In this example, POP3 requests from port 1100 on the client machine are forwarded through the SSH connection on port 22 to the SSH server, other.example.com. Then, other.example.com connects to port 110 on mail.example.com to check for new email. Note that when using this technique, only the connection between the client system and other.example.com SSH server is secure.

Port forwarding can also be used to get information securely through network firewalls. If the firewall is configured to allow SSH traffic via its standard port (that is, port 22) but blocks access to other ports, a connection between two hosts using the blocked ports is still possible by redirecting their communication over an established SSH connection.

A connection is only as secure as a client system

Using port forwarding to forward connections in this manner allows any user on the client system to connect to that service. If the client system becomes compromised, the attacker also has access to forwarded services.

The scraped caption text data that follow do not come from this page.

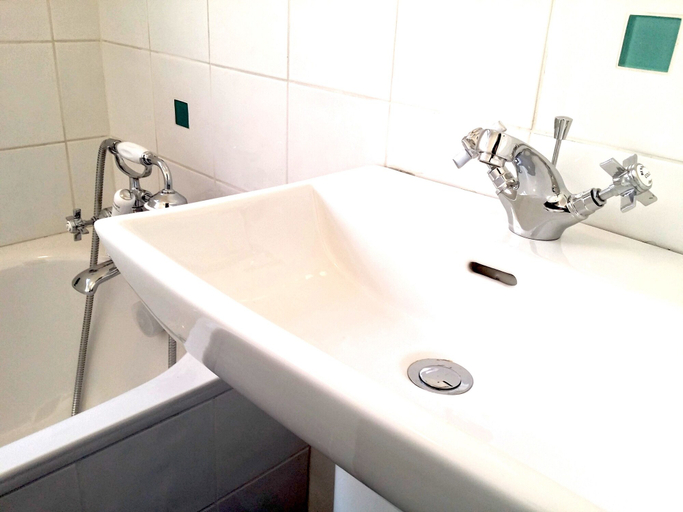 Bathroom 3, Victorian Terraced Apartments, London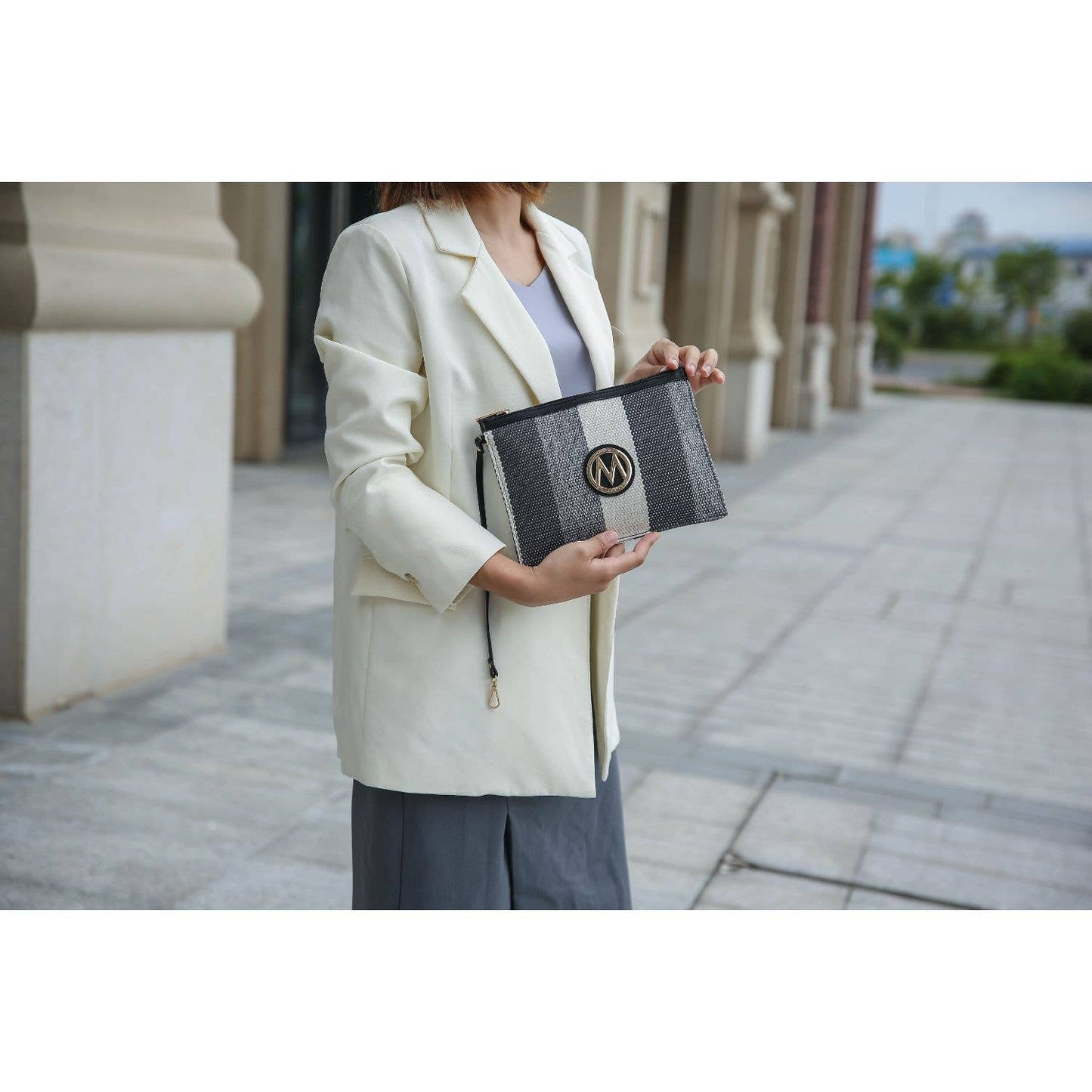 MKF SKY COMBO OVERSIZE TOTE-WRISTLET INCLUDED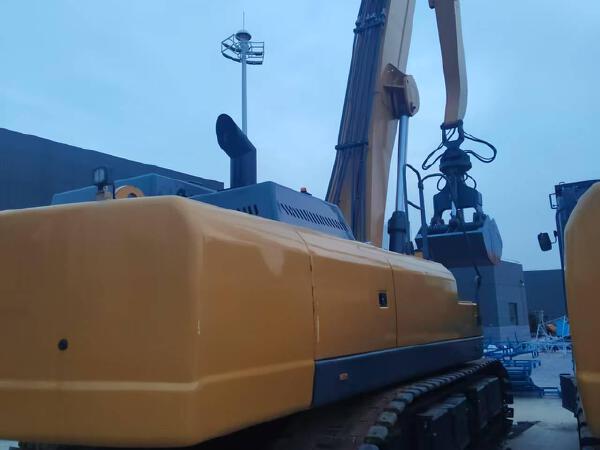 徐工XMH70C履帶式挖掘機(jī)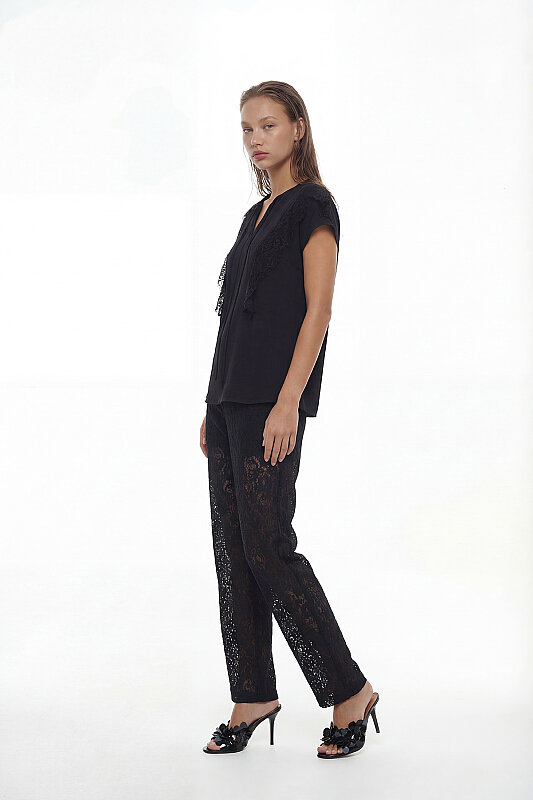 Düşük Omuzlu Dantelli Yaka Detaylı Bluz Siyah - Roman (1)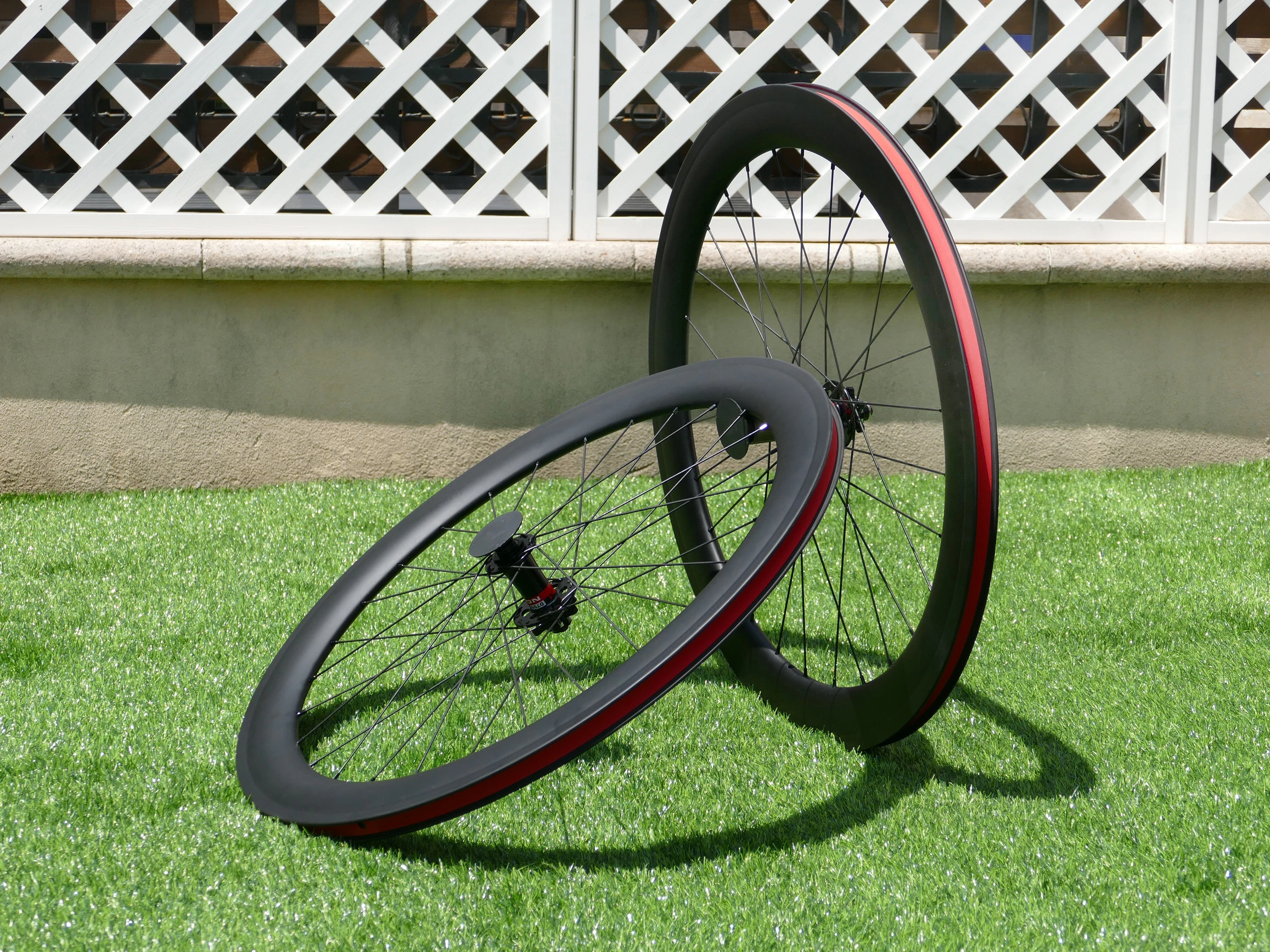 

Ultra Light Clincher Wheel 60mm Full Carbon Road Cyclocross Bike Wheelset for Disc Brake Quick Release Front QR / Rear QR 135mm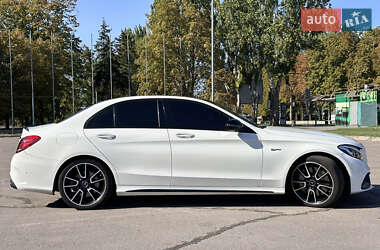 Седан Mercedes-Benz C-Class 2017 в 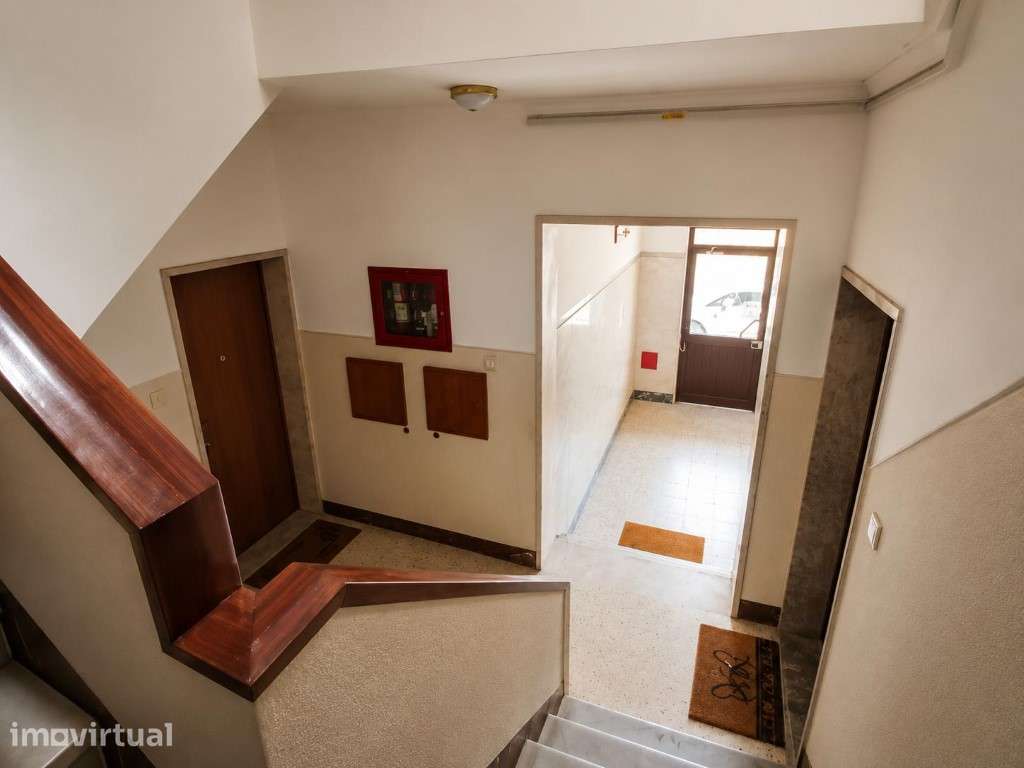 T2+1 Remodelado no Barreiro | Vista Desafogada | Propostas Múltiplas - Grande imagem: 4/20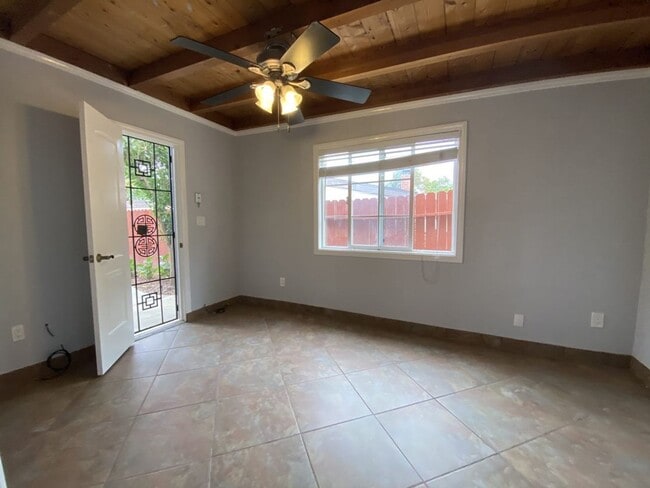 Foto del edificio - ***MOVE IN SPECIAL!!!*** Charming Serra Me...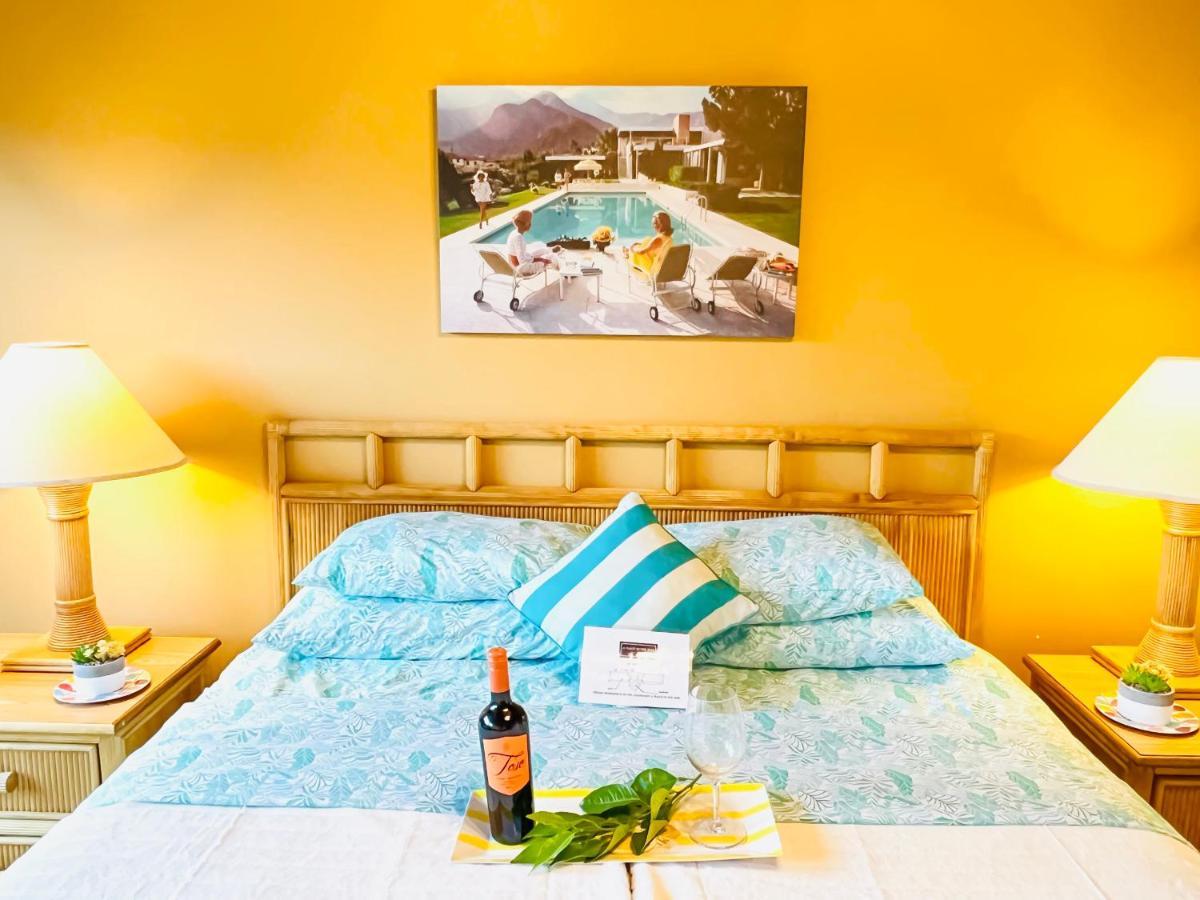 A Place In The Sun - Adults Only Big Units, 24h Heated Pool & In 1 Acre Park Prime Location, Dog Friendly, Midcentury Modern Boutique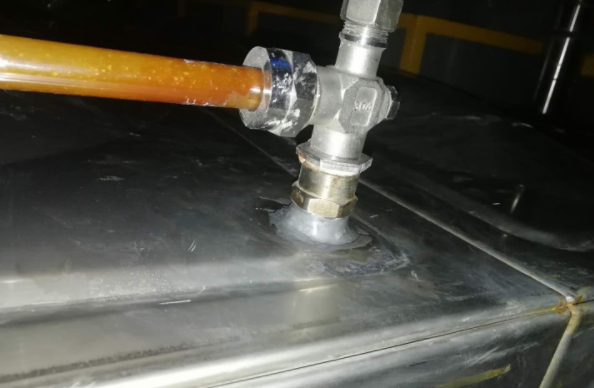 耐高温不锈钢水箱修补剂安全高效解决漏水砂眼缺陷问题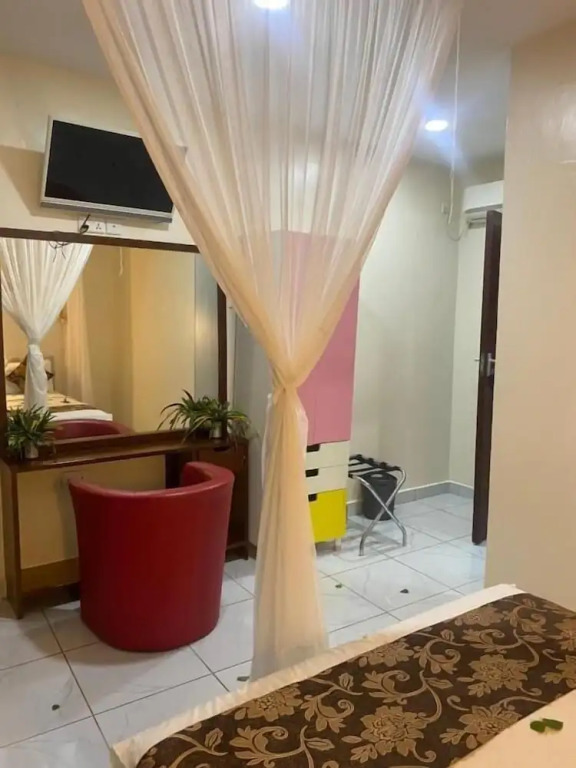 Breeze Bay Hotel Diani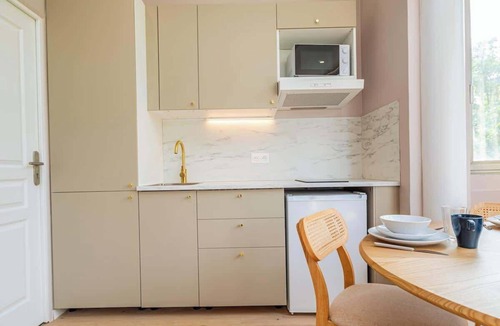 Quartier de la Plaine-de-Monceaux Apartment | Élégant 2 pièces climatisé – Paris 17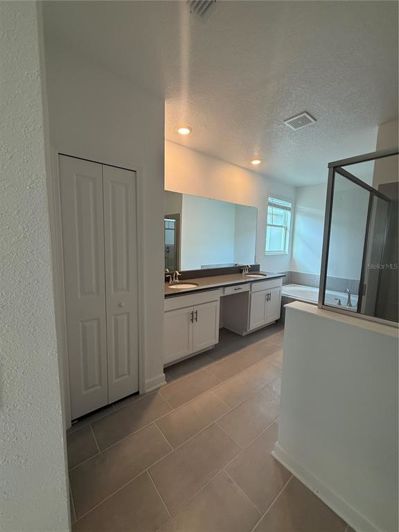 Image No.19-6 Bed Property for sale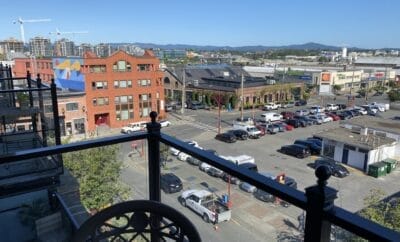 Bright quiet top floor 1 bdrm in old Victoria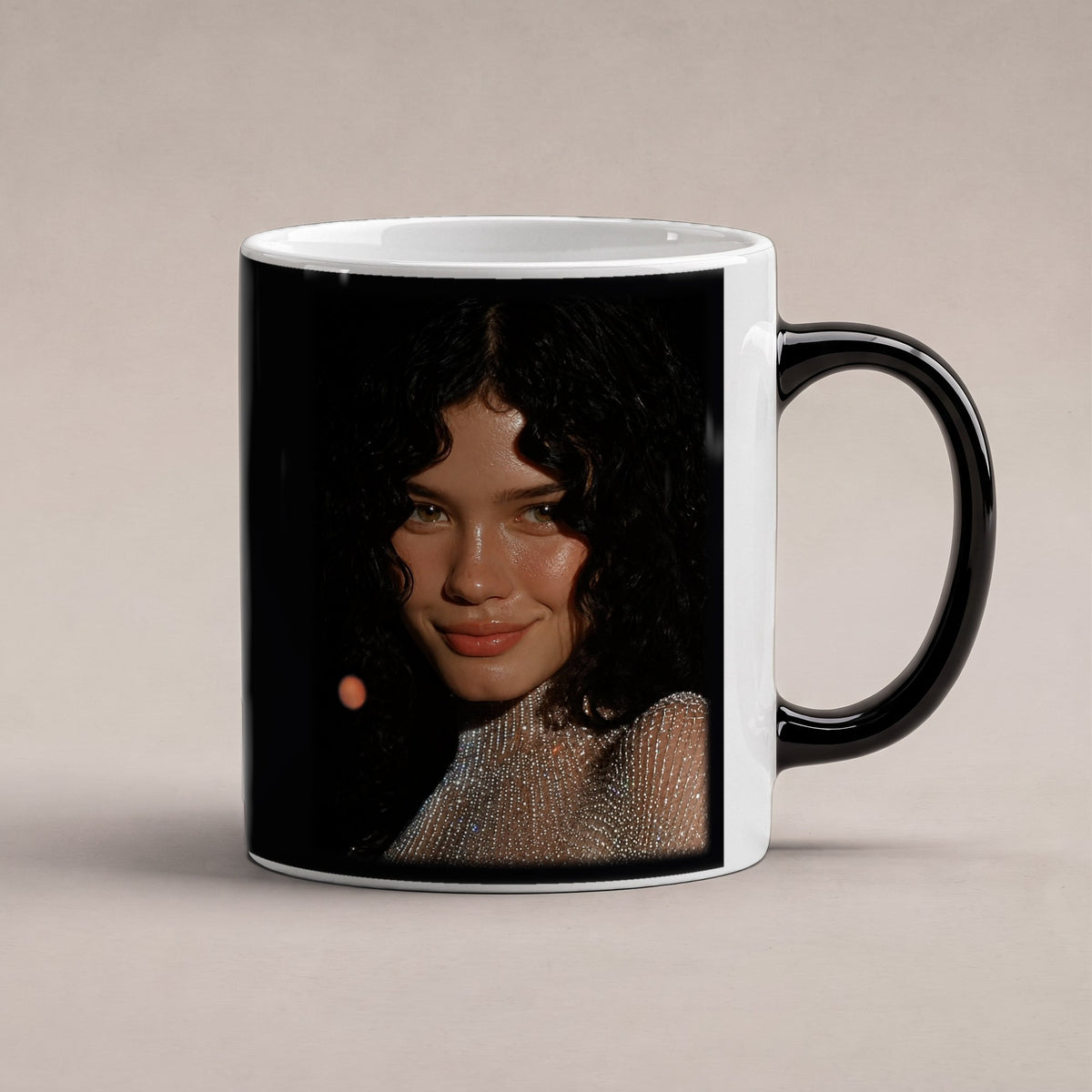 Sternenlächeln – Black Edition Zaubertasse mit Motiv (heiß), freigestellt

System administrators concerned about port forwarding can disable this functionality on the server by specifying a No parameter for the AllowTcpForwarding line in /etc/ssh/sshd_config and restarting the sshd service.

추가 자원

For more information on how to configure or connect to an OpenSSH server on Fedora, see the resources listed below.

설치된 문서
  • sshd(8) — The manual page for the sshd daemon documents available command line options and provides a complete list of supported configuration files and directories.

  • ssh(1) — The manual page for the ssh client application provides a complete list of available command line options and supported configuration files and directories.

  • scp(1) — The manual page for the scp utility provides a more detailed description of this utility and its usage.

  • sftp(1) — The manual page for the sftp utility.

  • ssh-keygen(1) — The manual page for the ssh-keygen utility documents in detail how to use it to generate, manage, and convert authentication keys used by ssh.

  • ssh_config(5) — The manual page named ssh_config documents available SSH client configuration options.

  • sshd_config(5) — The manual page named sshd_config provides a full description of available SSH daemon configuration options.

온라인 문서
  • OpenSSH 홈페이지 - 더 많은 문서, 자주 질문한 문제, 전자우편 목록 연결, 결점 보고 및 다른 유용한 자원이 포함된 OpenSSH 홈페이지.

  • OpenSSL 홈페이지 - 더 많은 문서, 자주 질문한 문제, 전자우편 목록 연결, 그리고 다른 유용한 자원이 포함된 OpenSSL 홈페이지.


1. A multiplexed connection consists of several signals being sent over a shared, common medium. With SSH, different channels are sent over a common secure connection.